Clinical Development Team
Radiopharmaceuticals are radioisotopes that have been bound to biological molecules to target specific cells, organs or tissues. These relatively new drugs are being increasingly used for both the diagnosis and treatment of a number of diseases including: prostate cancer, renal cancer and glioblastoma. These medicines may allow for better diagnosis and more effective therapies.
At the virtual 2020 AusBiotech + Invest conference, a panel of leading industry experts discussed the current and future trends in the drug development of radiopharmaceuticals and how these may improve the quality of life of cancer patients.

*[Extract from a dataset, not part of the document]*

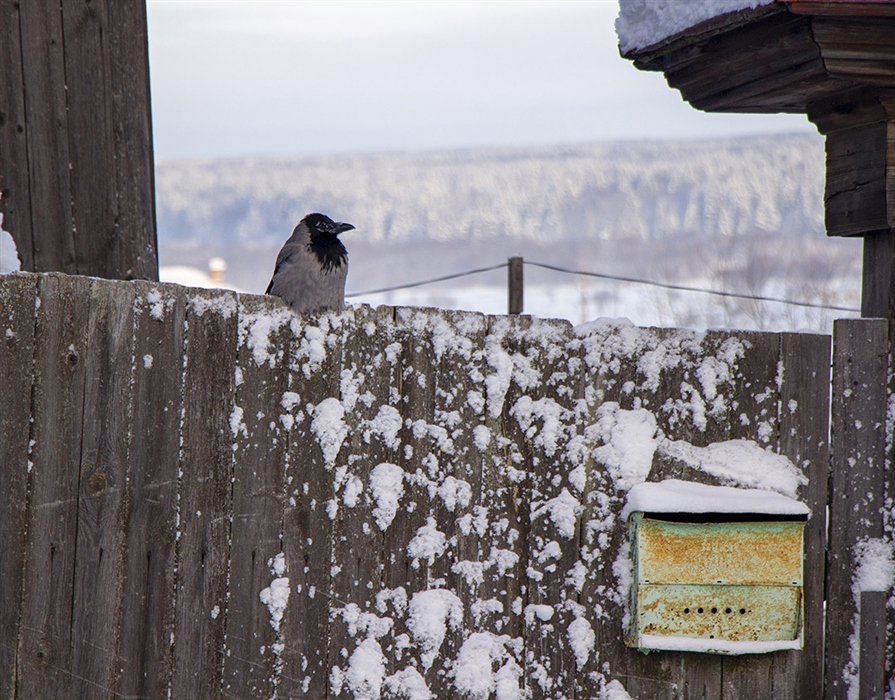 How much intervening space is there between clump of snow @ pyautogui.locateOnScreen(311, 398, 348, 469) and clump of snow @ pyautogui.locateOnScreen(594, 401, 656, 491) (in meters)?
1.06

These products are typically made up of three key parts including the ‘delivery vehicle’ (a targeting moiety – a small molecule or macromolecule such as an antibody), a proprietary linker and the ‘payload’ (a radioactive isotope). The delivery vehicle can bind to specific cancer cell transmembrane proteins (e.g PMSA in prostate cancer) where the radioactive isotope can be delivered and achieve the desired imaging or therapeutic effect. These novel agents are administered systemically and unlike older, conventional therapies (e.g radiation therapy, chemotherapy, surgery) can deliver precise, targeted radiation treatment to the cancer, (including small, distant metastases) which may not have been possible with other therapies.
Radiopharmaceuticals are referred to as Molecularly Targeted Radiation (MTR) products. The development of MTR products typically occurs in ‘theranostic’ pairs where generally the development of an imaging asset leads to the development of the paired therapeutic asset for a disease. Clinicians can utilize this mode of treatment to ‘’See it, Treat it’’, meaning that diagnostic isotopes (e.g 68Ga, 89ZR) enable accurate PET imaging of the cancer while therapeutic isotopes (e.g 177Lu, 131I) enable precise radiation therapy to be delivered directly to the cancer cells. An advantage of this approach is that radiopharmaceutical dosing can be tailored to the individual patient and clinicians are able to readily evaluate patient response to treatment.
Interestingly, the design of radiopharmaceuticals is somewhat like a ‘meccano’ set. That is, the three key elements can be disassembled and reconfigured to make a different style of related drug which can be used for a multitude of different applications. For example, the radioactive isotope of a traditional product may be substituted for an alpha emitter which is able to deliver a different type of high energy radiation with less penetration therefore making it effective for more disseminated hematological cancers (e.g Multiple Myeloma).
These products are not hoping to replace the current standard of care for cancer treatments. Instead, MTR products should be used as a synergistic, additive to current treatments. In prostate cancer, radiopharmaceuticals are being used in combination with androgen deprivation therapies and chemotherapy while in renal cell carcinoma they are being combined with immuno-oncology products such as checkpoint inhibitors to improve response rate, survival rates and most importantly patient quality of life.